I could continue in this vein for some time, but there remains a big fear in Labour circles. Complacency. They fret that perhaps many voters will assume the Conservatives are thoroughly doomed and therefore they don’t bother to vote. Labour could potentially lose surprisingly, as happened back in 1992.

But among all the fun at Mr Sunak’s expense and jitters from his opponents, there are interesting ideas in this campaign.

Labour’s leader, Keir Starmer, is considering reducing the voting age to 16. I was sceptical about this a few years ago when it was introduced by the Scottish National Party in Scotland and also by the Welsh government.

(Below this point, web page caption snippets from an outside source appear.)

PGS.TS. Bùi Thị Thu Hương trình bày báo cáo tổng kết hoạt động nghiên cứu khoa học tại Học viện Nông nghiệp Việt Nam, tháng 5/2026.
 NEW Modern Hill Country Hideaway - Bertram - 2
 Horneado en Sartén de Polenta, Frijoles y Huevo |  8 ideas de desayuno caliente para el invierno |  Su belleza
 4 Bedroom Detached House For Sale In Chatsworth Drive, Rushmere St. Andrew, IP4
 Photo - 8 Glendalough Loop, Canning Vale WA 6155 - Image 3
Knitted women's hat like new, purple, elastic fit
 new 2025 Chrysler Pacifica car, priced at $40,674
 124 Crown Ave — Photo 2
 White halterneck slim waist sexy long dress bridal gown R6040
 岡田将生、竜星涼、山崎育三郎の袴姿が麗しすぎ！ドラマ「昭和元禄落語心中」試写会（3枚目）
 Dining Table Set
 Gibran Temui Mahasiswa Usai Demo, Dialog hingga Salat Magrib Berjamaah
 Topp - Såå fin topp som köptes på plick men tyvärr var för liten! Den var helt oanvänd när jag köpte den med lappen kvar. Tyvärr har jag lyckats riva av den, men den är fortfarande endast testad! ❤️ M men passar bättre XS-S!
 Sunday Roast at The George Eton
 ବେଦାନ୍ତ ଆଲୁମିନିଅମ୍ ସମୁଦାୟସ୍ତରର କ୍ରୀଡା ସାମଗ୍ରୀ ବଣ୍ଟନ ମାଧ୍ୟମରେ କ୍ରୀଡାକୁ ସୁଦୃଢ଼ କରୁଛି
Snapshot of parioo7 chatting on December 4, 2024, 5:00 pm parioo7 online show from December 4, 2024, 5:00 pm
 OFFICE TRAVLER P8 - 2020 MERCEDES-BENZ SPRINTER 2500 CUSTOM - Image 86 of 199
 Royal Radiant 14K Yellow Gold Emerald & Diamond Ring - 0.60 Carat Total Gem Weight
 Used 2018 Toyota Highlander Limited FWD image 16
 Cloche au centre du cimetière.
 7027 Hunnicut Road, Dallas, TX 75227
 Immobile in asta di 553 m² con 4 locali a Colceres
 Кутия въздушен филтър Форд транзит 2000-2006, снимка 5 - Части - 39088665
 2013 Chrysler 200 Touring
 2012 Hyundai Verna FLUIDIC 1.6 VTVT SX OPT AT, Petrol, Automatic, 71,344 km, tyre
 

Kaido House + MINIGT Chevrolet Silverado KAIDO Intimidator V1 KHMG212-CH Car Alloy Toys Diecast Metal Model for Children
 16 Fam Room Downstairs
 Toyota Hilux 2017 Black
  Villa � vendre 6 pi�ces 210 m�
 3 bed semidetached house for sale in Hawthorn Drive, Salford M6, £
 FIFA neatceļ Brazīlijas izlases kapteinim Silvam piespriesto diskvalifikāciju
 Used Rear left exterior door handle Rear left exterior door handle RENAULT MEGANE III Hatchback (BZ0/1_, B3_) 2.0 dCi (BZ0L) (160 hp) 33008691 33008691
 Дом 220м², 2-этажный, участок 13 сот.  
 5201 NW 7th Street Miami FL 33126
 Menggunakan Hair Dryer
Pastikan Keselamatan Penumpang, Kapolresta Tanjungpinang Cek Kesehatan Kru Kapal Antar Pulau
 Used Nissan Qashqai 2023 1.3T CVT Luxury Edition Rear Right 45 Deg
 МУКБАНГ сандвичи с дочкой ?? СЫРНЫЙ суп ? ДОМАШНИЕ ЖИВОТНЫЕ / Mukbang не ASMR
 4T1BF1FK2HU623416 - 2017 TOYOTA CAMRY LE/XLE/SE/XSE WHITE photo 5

For now, in the Westminster elections you have to be at least 18 to vote. The possible change means that about 1.5 million young new voters would get the chance. Such a change could be done very rapidly if Labour win power.

My original scepticism about 16 year olds voting is probably the same as many people over the age of 30. What is their experience of life? What do they know?

During the 2014 Scottish independence campaign, I attended a number of events aimed at teenagers. I was stunned – and cheered – by their inquiries and their knowledge. I found that many of the teenagers I spoke with and interviewed were more open minded and better informed than many voters twice their age.

While the UK election campaign, therefore, will be dominated by the usual issues – the economy, national security, health, migration and the cost of living – it is interesting that Labour is thinking about changes to the way we do politics.

Most British people are taught – if they are taught anything about the British constitution and way of governing – that it is glorious and unwritten. Neither of these things is true. Much of the British constitution is written down in various places, but it is uncodified. There is no one key constitutional document. The constitution, the way we are taught it, pretends it works brilliantly in practice even if no one understands it in theory.

Unlike Americans, most British people have little idea what our constitutional rules are supposed to be. The constitution is so flexible that it can be changed (or made up) as we go along. Perhaps if the Labour party is at last thinking about changing the age of voting, we can expect eventually wider constitutional reforms.

That would include changes to the unelected House of Lords. But the big issue is whether Labour will ever switch away from the first-past-the-post election system for Westminster and change to proportional representation already used successfully to elect the devolved governments in Cardiff, Edinburgh and Belfast. The only other European country to have a first-past-the-post system for national elections is Belarus. Belarus isn’t the normal constitutional model for British democracy.

Whatever happens next, it’s at least the beginning of serious discussions about serious issues with serious consequences – if we can get beyond the “Titanic” success that Mr Sunak has made of his campaign so far.